As such, the proper response to Eliot Spitzer, Bill Clinton and Larry Craig is gratitude. We should be very grateful for them, and for the pain and trouble that they have to take on in order to expose this. They are the ones who take on the role. On a spiritual level, on a psychic level, they have agreed to expose this about our culture and our society. I thought some of the responses were good. I saw what Hillary Clinton said. She was expressing a lot of sympathy for him, for his family and for the ordeal they were going to have to go through. Considering that this was Hillary Clinton, who had to go through a similar ordeal herself, it meant a lot. It was genuine when she expressed that. I appreciated that. I think that’s the cue that we all need to take. We have to express some sympathy and some empathy for these people now, for what they are going to have to go through and to all their friends, family and associates that will have to go through it as well.
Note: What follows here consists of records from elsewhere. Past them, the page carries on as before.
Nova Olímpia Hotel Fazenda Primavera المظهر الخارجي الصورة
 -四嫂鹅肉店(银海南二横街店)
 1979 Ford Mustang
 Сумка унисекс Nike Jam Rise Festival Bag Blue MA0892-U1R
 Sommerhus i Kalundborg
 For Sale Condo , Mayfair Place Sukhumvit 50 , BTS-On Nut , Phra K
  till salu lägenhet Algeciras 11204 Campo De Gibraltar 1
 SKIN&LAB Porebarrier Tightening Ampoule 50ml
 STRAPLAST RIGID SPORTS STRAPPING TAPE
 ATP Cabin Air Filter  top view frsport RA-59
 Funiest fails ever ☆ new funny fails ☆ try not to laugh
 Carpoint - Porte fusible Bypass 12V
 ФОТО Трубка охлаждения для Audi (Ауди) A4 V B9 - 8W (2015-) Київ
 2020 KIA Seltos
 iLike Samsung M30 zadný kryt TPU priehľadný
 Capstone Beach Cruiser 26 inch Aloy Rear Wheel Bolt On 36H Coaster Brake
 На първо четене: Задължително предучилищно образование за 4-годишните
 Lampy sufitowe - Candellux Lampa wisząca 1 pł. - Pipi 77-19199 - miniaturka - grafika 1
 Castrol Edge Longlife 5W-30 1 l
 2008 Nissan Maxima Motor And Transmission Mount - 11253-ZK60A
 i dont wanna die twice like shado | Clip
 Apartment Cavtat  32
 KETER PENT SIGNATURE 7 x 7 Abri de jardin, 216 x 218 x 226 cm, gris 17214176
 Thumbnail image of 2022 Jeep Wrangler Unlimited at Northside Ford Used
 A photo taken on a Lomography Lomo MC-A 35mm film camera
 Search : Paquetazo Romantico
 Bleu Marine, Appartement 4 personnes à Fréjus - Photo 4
A Course In Miracles says, “Conflict must be resolved. It cannot be evaded, set aside, denied, disguised, seen somewhere else, called by another name, nor hidden by deceit of any kind if it would be escaped. It must be seen exactly as it is, where it is thought to be, in the reality which has been given it, and with the purpose that the mind accorded it. For only then are its defenses lifted and the truth can shine upon it as it disappears.” (Wk.Or.Ed.333.1)

It is important for us to see this conflict and to see it exactly in the reality that it appears to have here in our world. However, we cannot pretend that is exists in someone else and in some other people. We now have to understand that this conflict is something that exists in all of our minds. It is certainly within the consciousness of our society. We have to see it within us, and within the society that we help to create, if we are ever going to have a breakthrough in any of these things.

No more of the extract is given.